For our non-comparitive sort, we can use counting sort because we do know that there is a maximum and minimum score, so the possible values for the counting sort are bounded. Also all the values are integers so there will be no issues using this sort which will take n time.
To sort the scores of participants given k files, where each file includes the sorted scores from specific universities, we will make use of a max heap.
First we will take the first element of each array (university), and insert it into a max heap. This takes \(klogk\) time. Since these arrays are all sorted we will be inserting the largest elements, then we will pop out the largest element. Popping the largest value takes \(logk\) time. This value is the highest score in all the universities.
Then, we examine the popped element, and if the element is from array \(i\), then the next element we add to the heap will be from array \(i\). This takes \(logk\) time.

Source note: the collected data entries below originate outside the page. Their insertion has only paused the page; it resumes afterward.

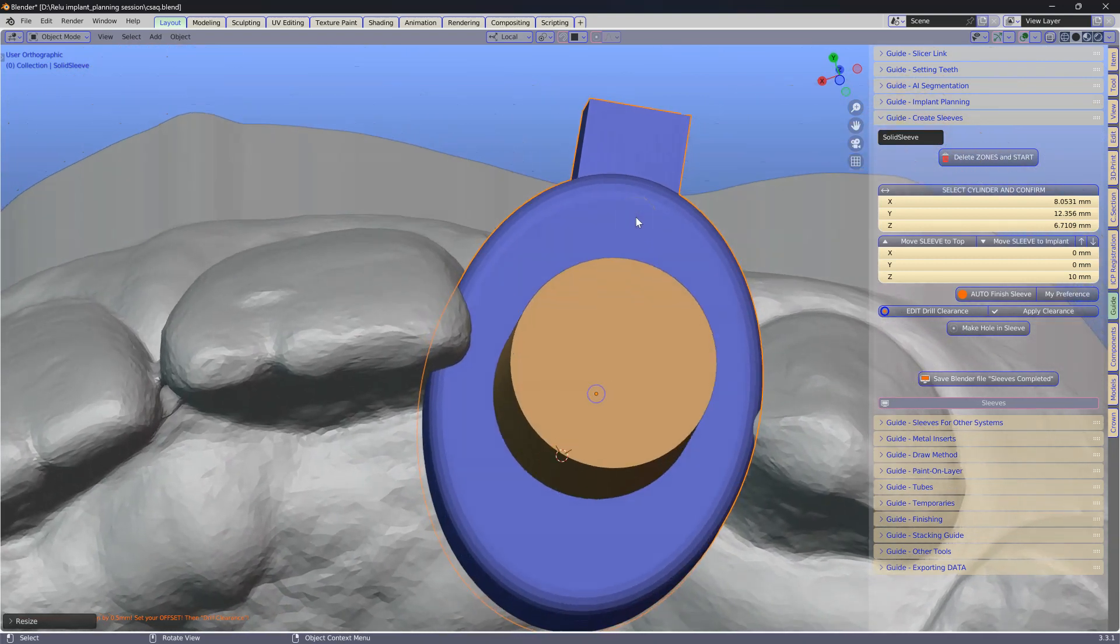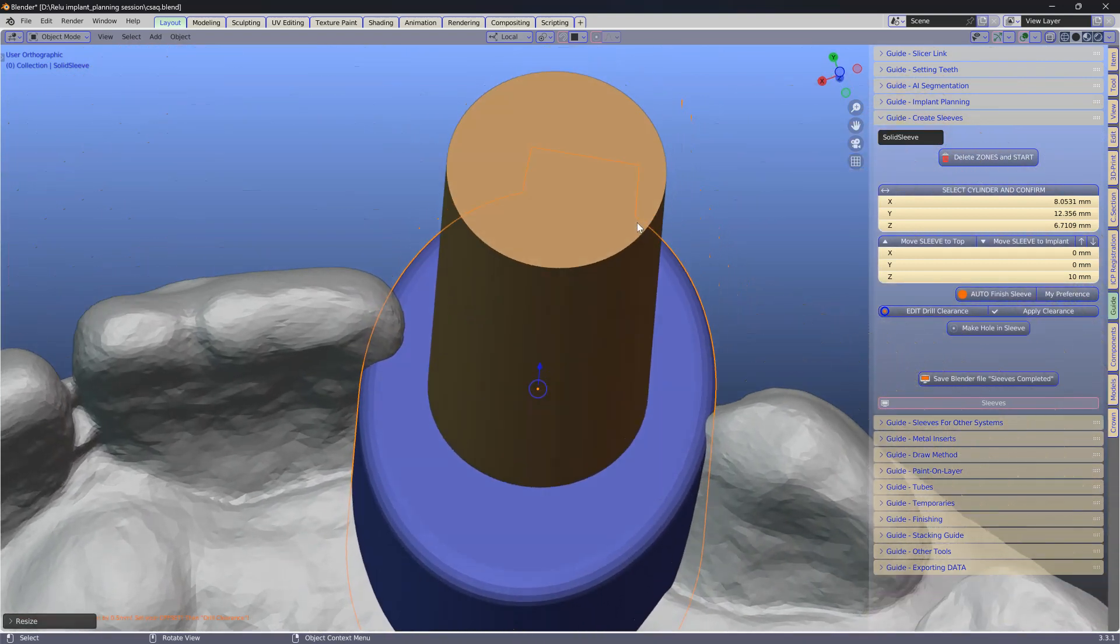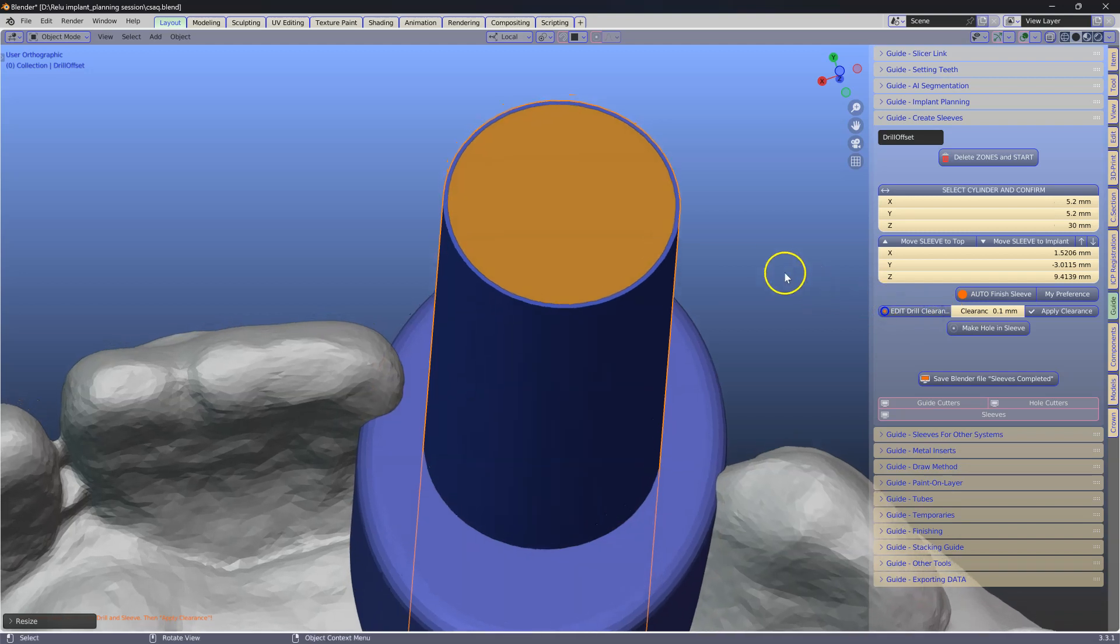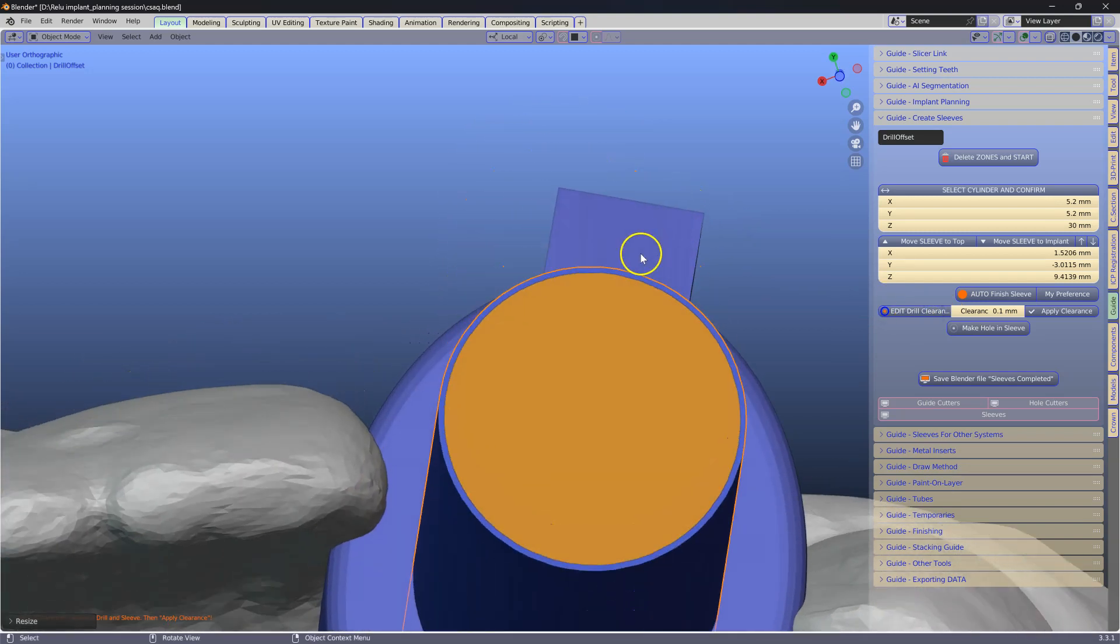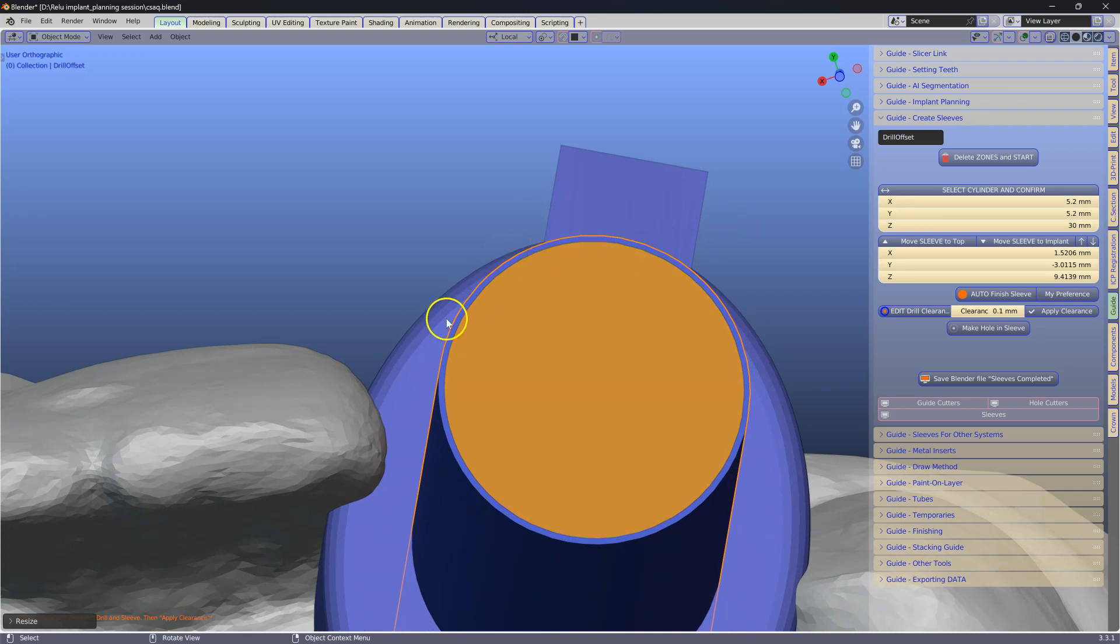After that we are going to focus on making the hole. Click Edit Drill Clearance. This is going to give us 0.1 clearance around this cylinder.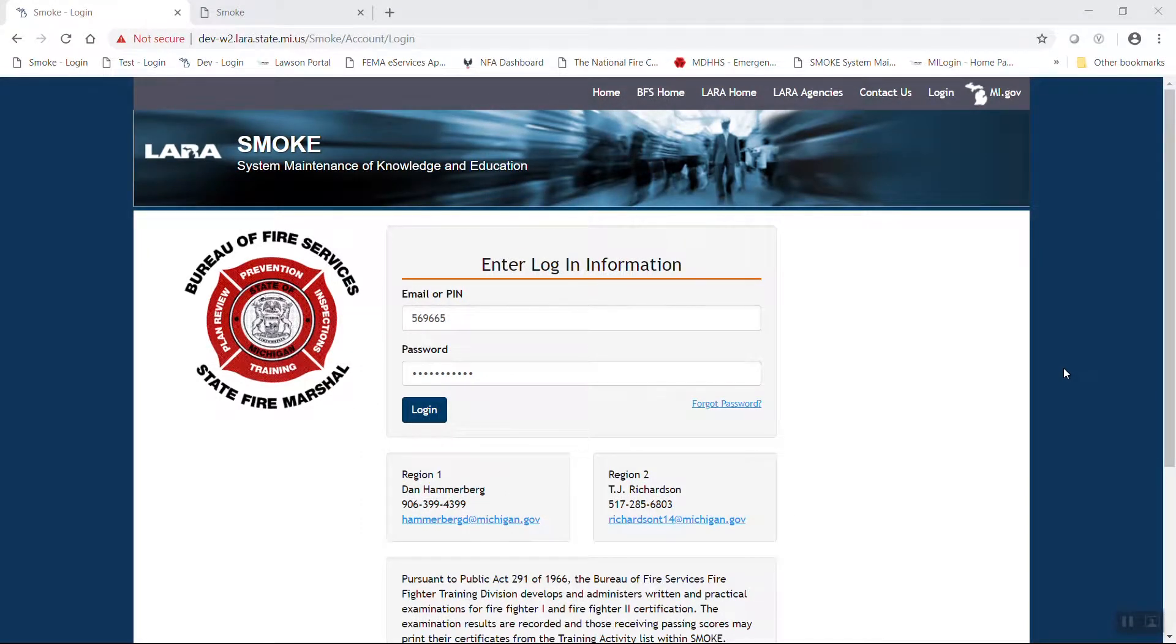Welcome to another tutorial on the SMOKE program and its functions. For this video, we will show instructors how to schedule a course, how to add instructors to the course, and if necessary, how to request an exam through the Bureau of Fire Services.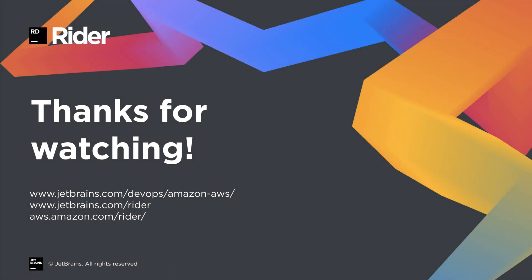So in this video, we've seen how the AWS Toolkit can help with credential and region management, creating, debugging and deploying AWS Lambdas, and cloud debugging of .NET applications on ECS. If you're interested in more details, please check out the AWS documentation, and download the AWS Toolkit and take it for a spin. Thanks for watching.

If we continue this process the max heap will give us the correct order of all the scores.
We will do all of this n times, so in total it will take \(O(2nlogk)\) time. The total time to sort is \(O(klogk + 2nlogk) = O(nlogk)\).
Given k sorted files we need to find the rth largest score and to do this without sorting the scores of the participants we will be using binary search on all the sorted files. First we will start by looking at the r/k position of each of the k arrays. If r/k is not an integer we will round up for some and round down for others to make sure if you add all the indicies of the arrays it will equal k. It is important to note that during any time during this algorithm the summation of the indices will always be k.
Next we will find the smallest value of each one of these arrays which will only take k time.
Then for the array that had the smallest value at the index r/k we know that all the values under that one cannot be the rth largest value. So we ignore the bottom half of the array. Then for all the other arrays we know that the values above the r/k index will not have the rth largest value so we can ignore the top half of all of those arrays. This just shows us that at each iteration we are able to cut our problem in half.
Now we can look at the our new smaller arrays and we continue this same process. We choose indices such that the summation of them are equal to r and then we find the smallest of these values. At each step we are on average spliting up our problem in half. So we continue this process until we are only left with one element in each array. Since the indices of these positions sum up to r the smallest value is the rth largest number.
At each step we have to do k comparisons to find the smallest number and we are basically doing binary search to each array the running time is \(k*(time of binary searches)\)
Runtime= \(\theta(k\sum_{i=1}^{k}logm_i)\)
We are not sure if we can do this in \(O(\log k (\sum_{i=1}^{k}\log m_{i}+k))\)